You should try proving the first, since it only requires differentiation. The second is much harder to prove (demonstrating convergence is even a bit tricky), and perhaps less of what you were looking for.

l'Hôpital
One of my personal favorites is

$$2 \prod_{k=1}^{\infty} sec (\frac{\pi}{2^{k+1}}) = \pi$$

or even the elegant

$$\int_{0}^{\pi} cos^n (\theta) cos (n \theta) d\theta = \frac{\pi}{2^n}, n = 0, 1, 2, 3...$$

Gold Member
Nonsense, I'm looking for anything particularly interesting.

On the first theorem presented, I suppose it is intuitive. Since at x=0, a constant multiplied by the sine of x is also 0. Thus, the two constants "switch" in $$f^{(n)}(0)$$ as n increases, changing sign each time they appear.

Right?

Of course, for the second equation, the proof is obvious!

*leaves room to determine proof*

Edit: Gah, took too long to post. Is the giant pi symbol used for the same thing as the giant sigma in summation?

Also, I'm currently trying to remember how to integrate cosine products. I'll try by parts...

l'Hôpital
Nonsense, I'm looking for anything particularly interesting.

On the first theorem presented, I suppose it is intuitive. Since at x=0, a constant multiplied by the sine of x is also 0. Thus, the two constants "switch" in $$f^{(n)}(0)$$ as n increases, changing sign each time they appear.

Right?

Of course, for the second equation, the proof is obvious!

*leaves room to determine proof*

Edit: Gah, took too long to post. Is the giant pi symbol used for the same thing as the giant sigma in summation?

Also, I'm currently trying to remember how to integrate cosine products. I'll try by parts...

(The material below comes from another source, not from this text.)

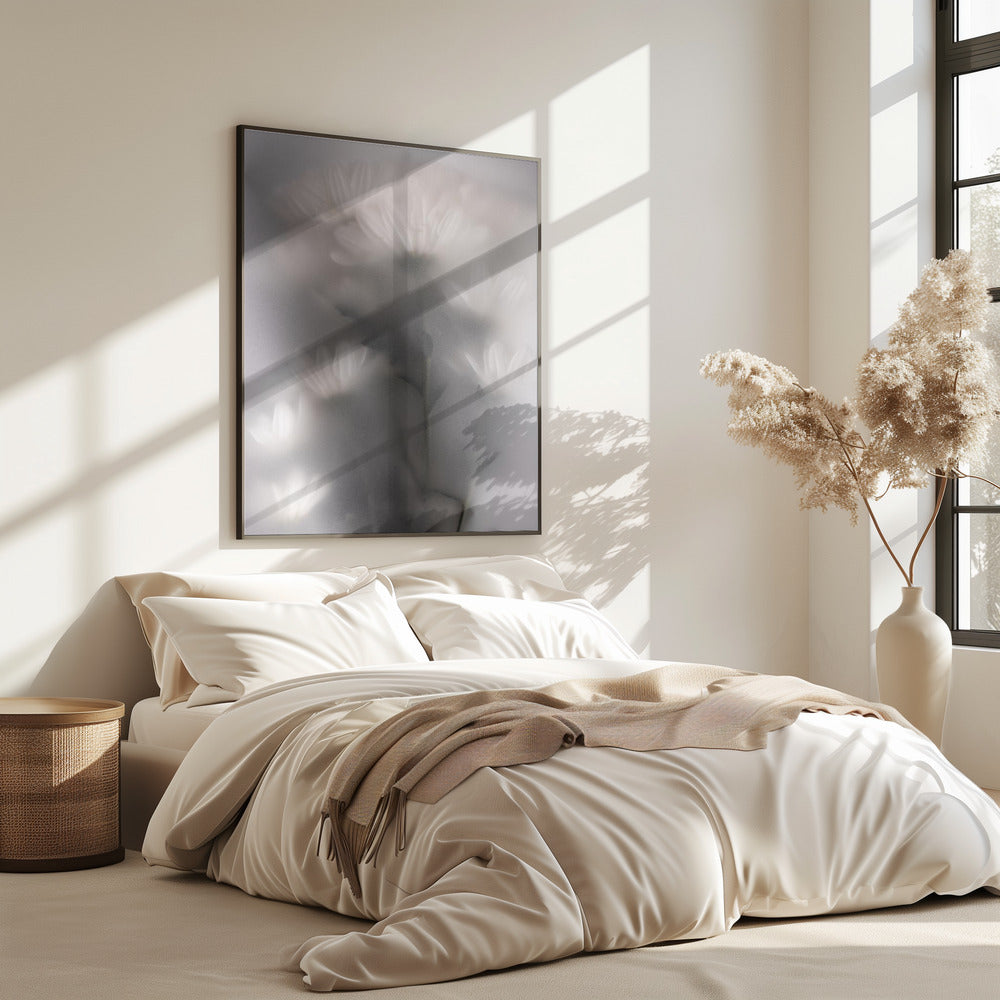 Blurred Flowers 4 | Poster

The giant pi symbol is "product" as sigma is "sum".

Gold Member
The giant pi symbol is "product" as sigma is "sum".

I see.

Well, for the cosine product function, integration by parts won't work (every two applications, the non-integral part cancels out), I'm pretty sure integration by substitution wouldn't work, and with my limited repertoire (is that how you spell it?), I'm out of options. Same with the sine of x over x function. Infinite products of secants... I doubt it's currently in my ability to understand what's going on, much less prove it.

Und so falle ich.

I am impressed, though. How many series equal some multiple, power, or multiplied power of pi anyways?

l'Hôpital
I see.

Well, for the cosine product function, integration by parts won't work (every two applications, the non-integral part cancels out), I'm pretty sure integration by substitution wouldn't work, and with my limited repertoire (is that how you spell it?), I'm out of options. Same with the sine of x over x function. Infinite products of secants... I doubt it's currently in my ability to understand what's going on, much less prove it.

Und so falle ich.

I am impressed, though. How many series equal some multiple, power, or multiplied power of pi anyways?

The cosine integral is tricky. The product? Not so much.

Hint: Consider $$sin 2\theta = 2 sin \theta cos \theta$$

Gold Member
The cosine integral is tricky. The product? Not so much.

Hint: Consider $$sin 2\theta = 2 sin \theta cos \theta$$

I'm considering it...

Is there a sin(a)/sin(b)= identity anywhere? There's a sin(a)sin(b) identity in this book, but I don't need that...